Specops Deploy uses DNS for name resolution of the client computers. For instance, right-clicking a computer object in the Users and Computers console to trigger a re-installation requires a DNS query to determine where to send the gpupdate or reboot command.
Specops Deploy requires DHCP to PXE boot for bare metal installations. You may have to reconfigure your network to assist your clients in finding the PXE server:
- If the Deployment Server is able to receive the initial DHCP:DISCOVER broadcast, do not configure the scope options.
- If a switch or router blocks the broadcast, forward the requests to your DHCP and/or PXE server. Reconfiguring your network equipment (IP Helper) is more reliable than using scope options.
Ensure that your clients can use TFTP (udp/4011) to download the required boot files from the Deployment Server.
TIP: If your clients need static IP-addresses, you can still use DHCP if you configure your scopes with reservations. Specific IP-addresses from the scope will be reserved for specific MAC-addresses. This will give you better control over where your IP-addresses belong.
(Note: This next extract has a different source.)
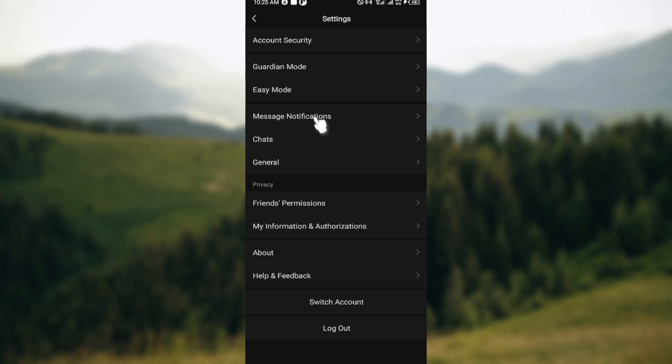Chats, General, Friends Permissions, My Information and Authorizations, About, Help and Feedback, then Switch Account.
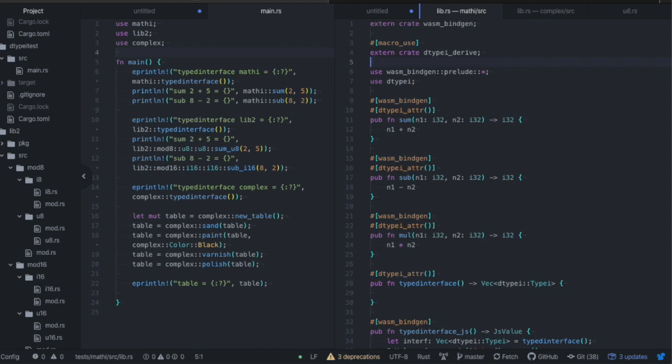Hello, this is Loredana and today I will walk you through the first version of DType-i, a rust crate that allows you to export your rust crate interfaces.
Single Server Considerations
While it is not best practice to install all network and AD services on a single server, you may not have a choice with smaller remote sites. To keep the system working, you will need to configure your service to handle possible conflicts:
- If your Deployment Server is on the same machine as your DHCP server, WDS needs to be configured to not listen to port 67.
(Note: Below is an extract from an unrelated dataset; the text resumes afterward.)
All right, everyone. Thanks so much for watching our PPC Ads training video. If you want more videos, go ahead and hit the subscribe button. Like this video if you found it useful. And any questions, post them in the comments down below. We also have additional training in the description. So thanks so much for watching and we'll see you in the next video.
- Set scope option 60 to “PXEClient”
On a Specops Deploy Deployment Server, these settings are available in the WDS management tool.
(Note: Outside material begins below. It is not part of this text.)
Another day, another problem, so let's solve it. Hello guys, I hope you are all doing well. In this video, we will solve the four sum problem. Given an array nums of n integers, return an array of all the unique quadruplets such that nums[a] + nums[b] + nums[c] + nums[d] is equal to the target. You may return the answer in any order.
Specops Deploy uses PXE booting to initiate Windows installations when you want to replace the contents of the hard drive. It is useful for bare metal installations on new hardware, or when changing owners on old hardware. Computers installed with Specops Deploy should be configured to PXE boot as the first boot option in BIOS.
When a computer PXE boots, it broadcasts a discovery package on the local network segment to request an IP-address from a DHCP server, and a PXE server to handle the network boot. If the broadcast is received by the appropriate servers, they will reply with offers of assistance.
The client will select an available DHCP server to request an IP-address. Once the IP-address is in place, the client will request to start the PXE boot process from the PXE server. The client will be directed to download the appropriate network bootstrap program, and any other files needed to complete the process.
|PXE Client||Broadcast||DHCP: Discover||I need to PXE boot, is there any DHCP servers out there?|
|DHCP Server||Broadcast||DHCP: OFFER||Yes! I’m here! You can use this IP address if you want to…|
|PXE Server||Broadcast||DHCP: OFFER||Did someone need to PXE boot? I’m ready to help…|
|PXE Client||Broadcast||DHCP: REQUEST||Ok, I’ll start using that IP-address. Please reserve it for me.|
|DHCP Server||PXE Client||DHCP: ACK||Sure thing, please enjoy it.|
|PXE Client||PXE Server||DHCP: REQUEST||You said you would help me PXE boot?|
|PXE Server||PXE Client||DHCP: ACK||Sure, you should run this Network Bootstrap Program…|
|PXE Client||PXE Server||TFTP: READ||Ok, give me that Bootstrapper|
|PXE Server||PXE Client||TFTP: DATA||Here you go…|
|PXE Client||PXE Server||DHCP: REQUEST||The NBP says I need another boot file…|
|PXE Server||PXE Client||DHCP: ACK||Yeah, you should fetch this N12 boot file|
|PXE Client||PXE Server||TFTP: READ||Ok, give it to me.|
DFS consists of two components:
- Makes file shares on one or more file servers available under a common name
- Ties to your domain, creating paths like \\your.domain.org\dfs\software
- Refers client requests to the closest available source when they request files
- Replicates the contents of namespaces between different file servers
- Manages and optimizes bandwidth usage for replication
Client computers requesting a file from the namespaces will be directed to the closest available replica, preventing unnecessary file transfers across sites.
Specops Deploy automatically configures DFS-R to the Deployment Servers. You should configure your DFS environment for your software installation files to reduce download and installation time.